1
votes

I have an unbound dataflow pipeline that reads from Pub/Sub, applies a ParDo and writes to Cassandra. It applies only ParDo transformations so I am using the default global window with the default triggering even though the source is unbound.

In a pipeline like that how should I keep the connection to Cassandra?

Currently I am keeping it in startBundle like this:

private class CassandraWriter <T> extends DoFn<T, Void> {
  private transient Cluster cluster;
  private transient Session session;
  private transient MappingManager mappingManager;

  @Override
  public void startBundle(Context c) {
    this.cluster = Cluster.builder()
        .addContactPoints(hosts)
        .withPort(port)
        .withoutMetrics()
        .withoutJMXReporting()
        .build();
    this.session = cluster.connect(keyspace);
    this.mappingManager = new MappingManager(session);
  }

  @Override
  public void processElement(ProcessContext c) throws IOException {
    T element = c.element();
    Mapper<T> mapper = (Mapper<T>) mappingManager.mapper(element.getClass());
    mapper.save(element);
  }

  @Override
  public void finishBundle(Context c) throws IOException {
    session.close();
    cluster.close();
  }
}

However, this way a new connection is created for every element.

Another option is to pass it as a side input like in https://github.com/benjumanji/cassandra-dataflow:

public PDone apply(PCollection<T> input) {
  Pipeline p = input.getPipeline();

  CassandraWriteOperation<T> op = new CassandraWriteOperation<T>(this);

  Coder<CassandraWriteOperation<T>> coder =
    (Coder<CassandraWriteOperation<T>>)SerializableCoder.of(op.getClass());

  PCollection<CassandraWriteOperation<T>> opSingleton =
    p.apply(Create.<CassandraWriteOperation<T>>of(op)).setCoder(coder);

  final PCollectionView<CassandraWriteOperation<T>> opSingletonView =
    opSingleton.apply(View.<CassandraWriteOperation<T>>asSingleton());

  PCollection<Void> results = input.apply(ParDo.of(new DoFn<T, Void>() {
    @Override
    public void processElement(ProcessContext c) throws Exception {
       // use the side input here
    }
  }).withSideInputs(opSingletonView));

  PCollectionView<Iterable<Void>> voidView = results.apply(View.<Void>asIterable());

  opSingleton.apply(ParDo.of(new DoFn<CassandraWriteOperation<T>, Void>() {
    private static final long serialVersionUID = 0;

    @Override
    public void processElement(ProcessContext c) {
      CassandraWriteOperation<T> op = c.element();
      op.finalize();
    }

  }).withSideInputs(voidView));

  return new PDone();
}

However this way I have to use windowing since PCollectionView<Iterable<Void>> voidView = results.apply(View.<Void>asIterable()); applies a group by.
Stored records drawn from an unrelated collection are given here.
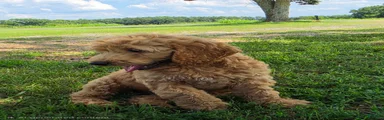Goldendoodle 1
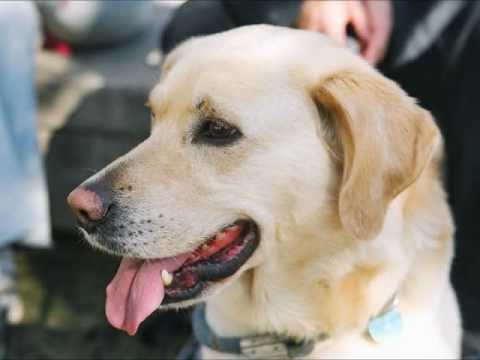 Dogs by Asaf Pollak כלבים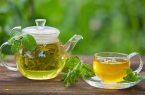 چای سبز؛ نوشیدنی سرشار از ترکیبات گیاهی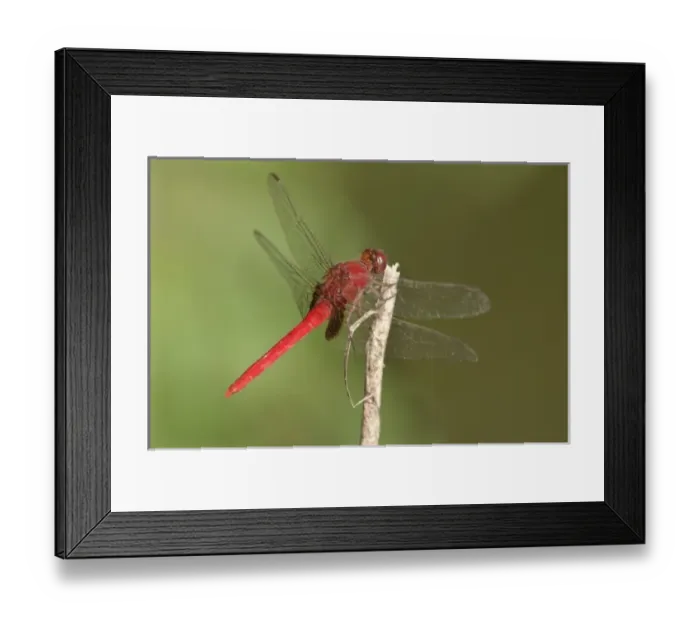 Framed Print : USA, North America, Texas Framed Print : USA, North America, Texas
In general, how should a PTransform that writes from an unbounded PCollection to an external database keep its connection to the database?

2

2 Answers

2
votes

You are correctly observing that a typical bundle size in the streaming/unbounded case is smaller compared to the batch/bounded case. The actual bundle size depends on many parameters, and sometimes bundles may contain a single element.

One way of solving this problem would be to use a pool of connections per worker, stored in a static state of your DoFn. You should be able to initialize it during the first call to startBundle, and use it across bundles. Alternatively, you can create a connection on demand and release it to the pool for reuse when no longer necessary.

You should make sure the static static is thread-safe, and that you aren't making any assumptions how Dataflow manages bundles.

1
votes

As Davor Bonaci suggested, using a static variable solved the problem.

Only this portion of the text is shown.